INSTRUCTIONS FOR THE TASK: Transcribe the listing that follows in full, exactly, and drop its images.
====== PROVIDED ENTRIES
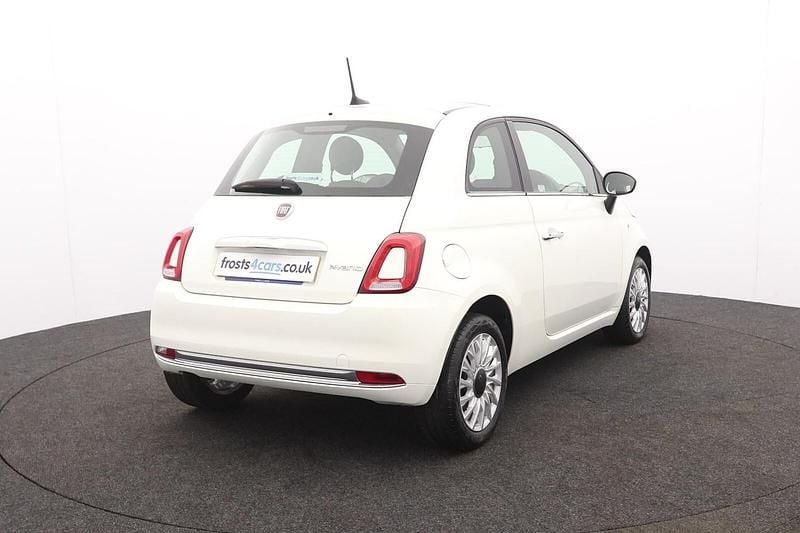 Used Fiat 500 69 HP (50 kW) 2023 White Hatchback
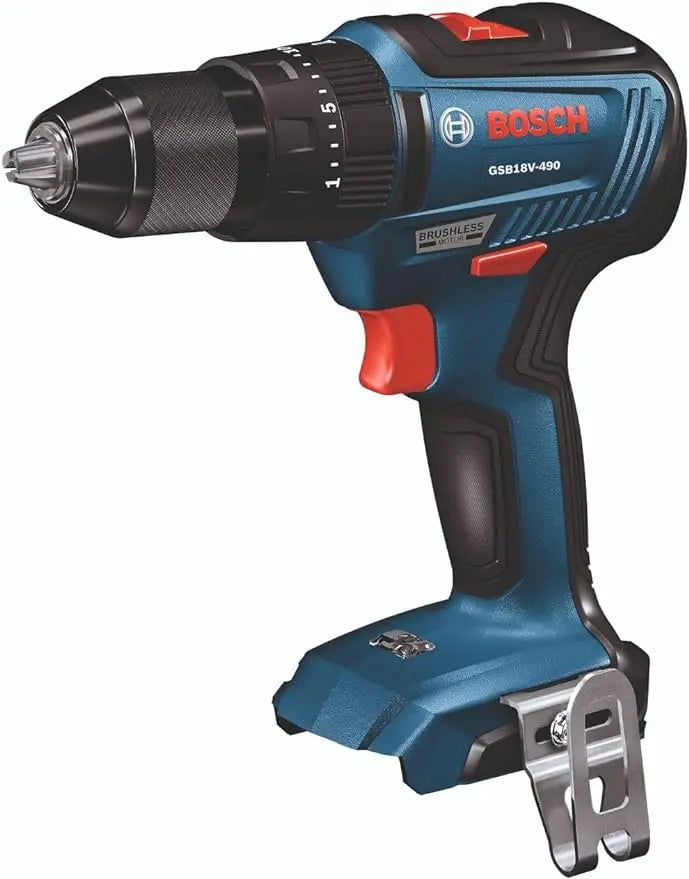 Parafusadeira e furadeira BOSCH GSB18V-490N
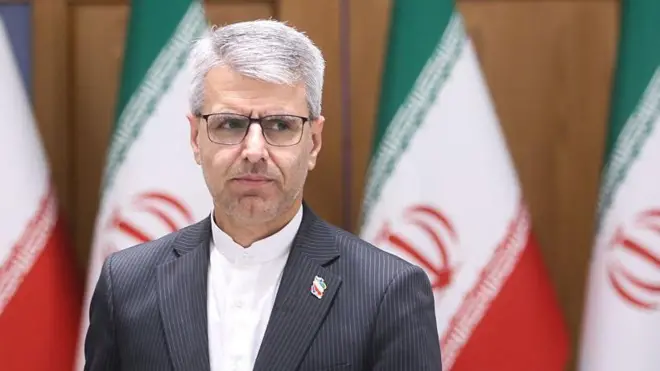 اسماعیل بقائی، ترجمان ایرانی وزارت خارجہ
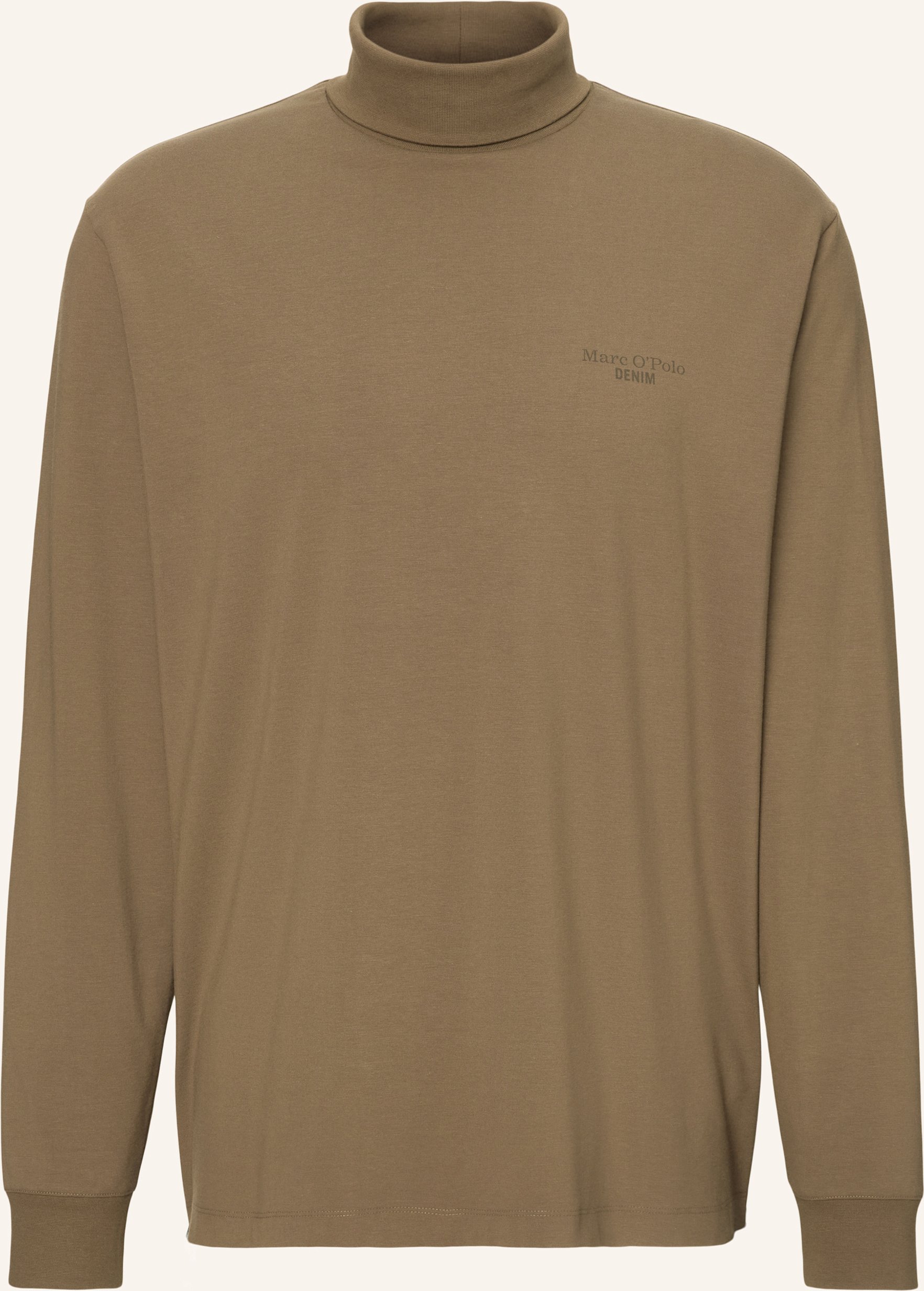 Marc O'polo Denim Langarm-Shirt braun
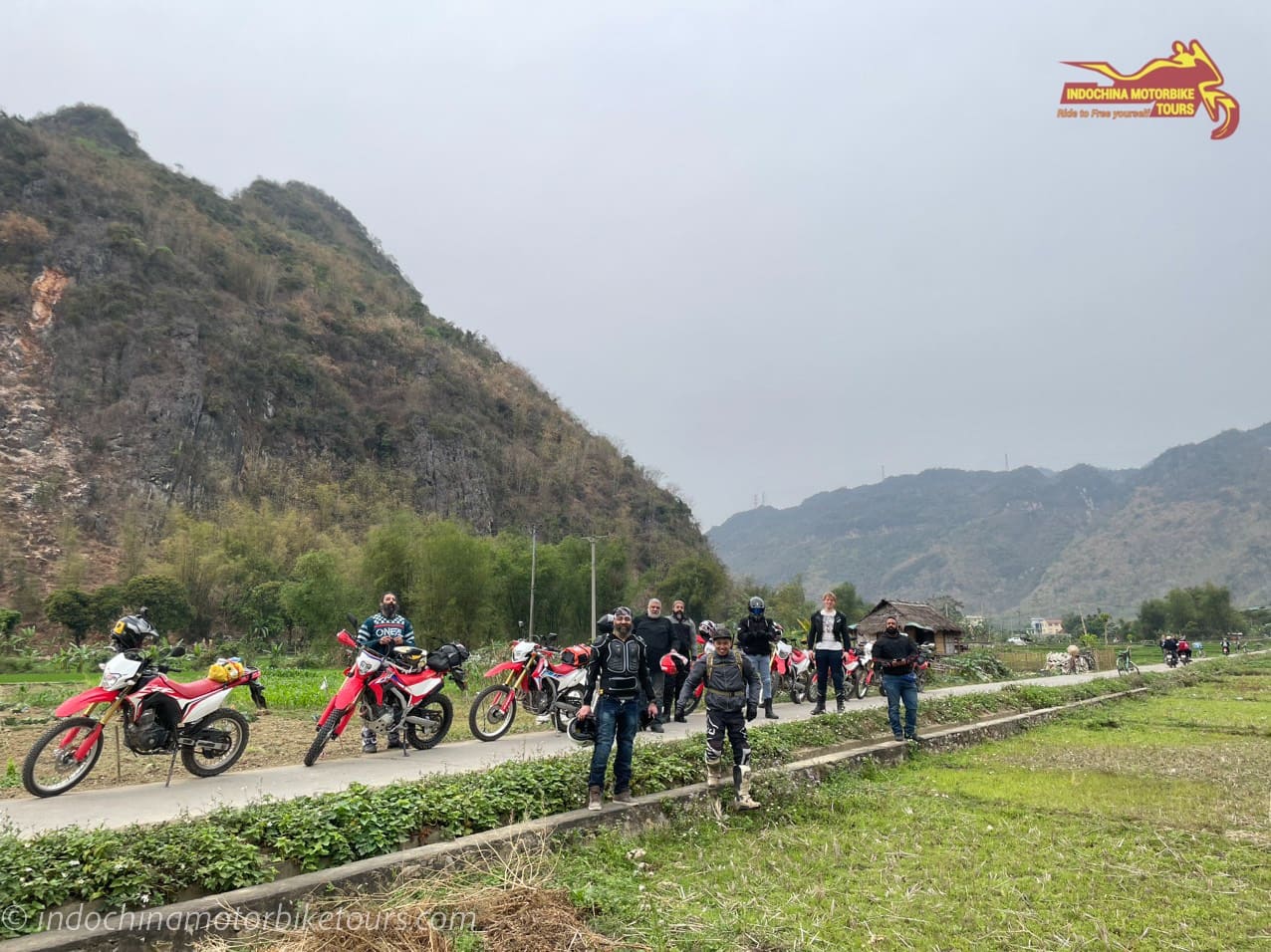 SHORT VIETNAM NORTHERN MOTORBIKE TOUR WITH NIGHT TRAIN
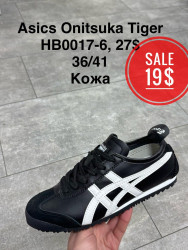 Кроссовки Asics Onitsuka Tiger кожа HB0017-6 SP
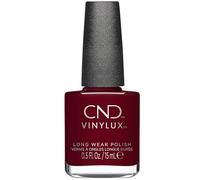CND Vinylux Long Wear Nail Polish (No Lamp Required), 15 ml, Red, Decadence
============
WRITTEN REPLY:
 Used Fiat 500 69 HP (50 kW) 2023 White Hatchback
 Parafusadeira e furadeira BOSCH GSB18V-490N
 اسماعیل بقائی، ترجمان ایرانی وزارت خارجہ
 Marc O'polo Denim Langarm-Shirt braun
 SHORT VIETNAM NORTHERN MOTORBIKE TOUR WITH NIGHT TRAIN
 Кроссовки Asics Onitsuka Tiger кожа HB0017-6 SP
CND Vinylux Long Wear Nail Polish (No Lamp Required), 15 ml, Red, Decadence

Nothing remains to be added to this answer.